# EMS Magazine



## tricam (Jan 27, 2005)

Does anyone subscribe to this magazine?  Thoughts/opinions?  I just subscribed, so we'll see how it goes.

eric


----------



## emtbuff (Jan 27, 2005)

I have gotten a few of their magazine passed on by a coworker and I liked the articles and thought that it was a decent magazine.  I have thought about ordering either EMS Magazine or JEMS  haven't decided yet and waiting to make a little extra cash to pay for the subscription.


----------



## Jon (Jan 27, 2005)

> _Originally posted by emtbuff_@Jan 27 2005, 07:16 PM
> * I have gotten a few of their magazine passed on by a coworker and I liked the articles and thought that it was a decent magazine.  I have thought about ordering either EMS Magazine or JEMS  haven't decided yet and waiting to make a little extra cash to pay for the subscription. *


 I pay for JEMS. I like it.

For some reason, I have a free subscription to EMS Magazine.
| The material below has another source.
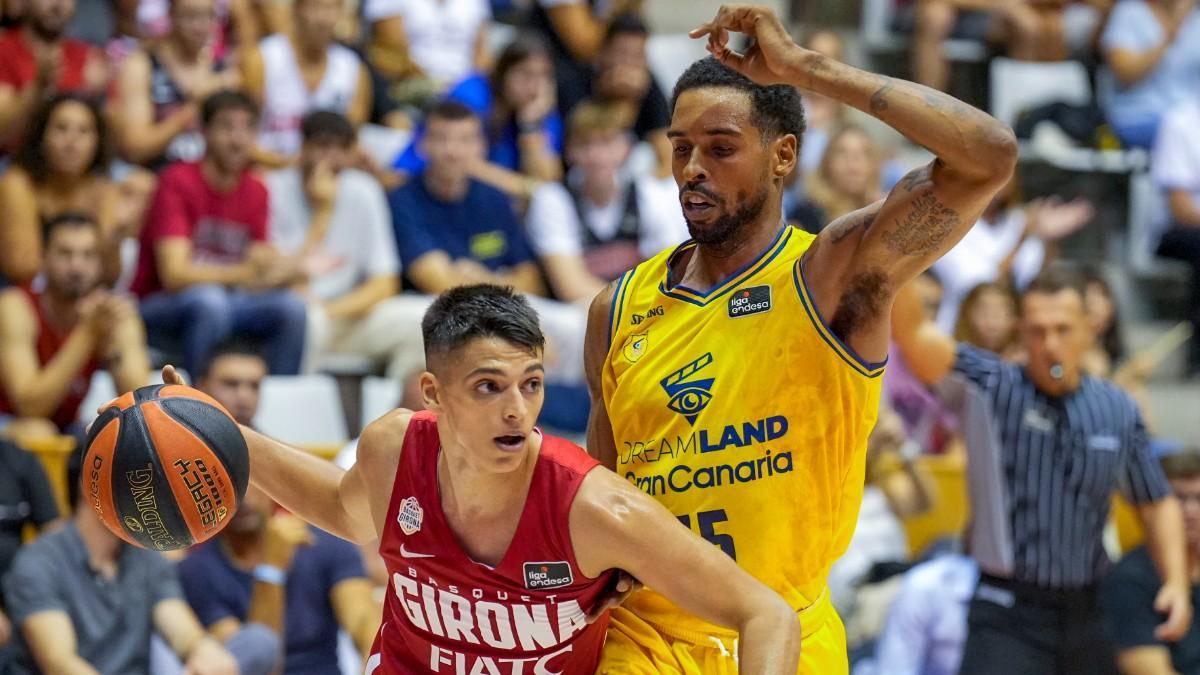 El Bàsquet Girona tumbó al Gran Canaria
Nice 2nd place to JEMS, but I will only pay for one.


Jon


----------



## runindash05 (Jan 28, 2005)

Where do you get the subscription to JEMS?

Brandon  :lol:


----------



## PArescueEMT (Jan 28, 2005)

Here:

Jems subscription


----------



## MMiz (Jan 28, 2005)

I also subscribe to JEMS and like it.  Sure there are lots of Ads, but I really do think it's a great resource!


----------



## Jon (Jan 28, 2005)

> _Originally posted by PArescueEMT_@Jan 28 2005, 07:25 PM
> * Here:
> 
> Jems subscription *


 you can also get a free 6-month if you go to EMS today


----------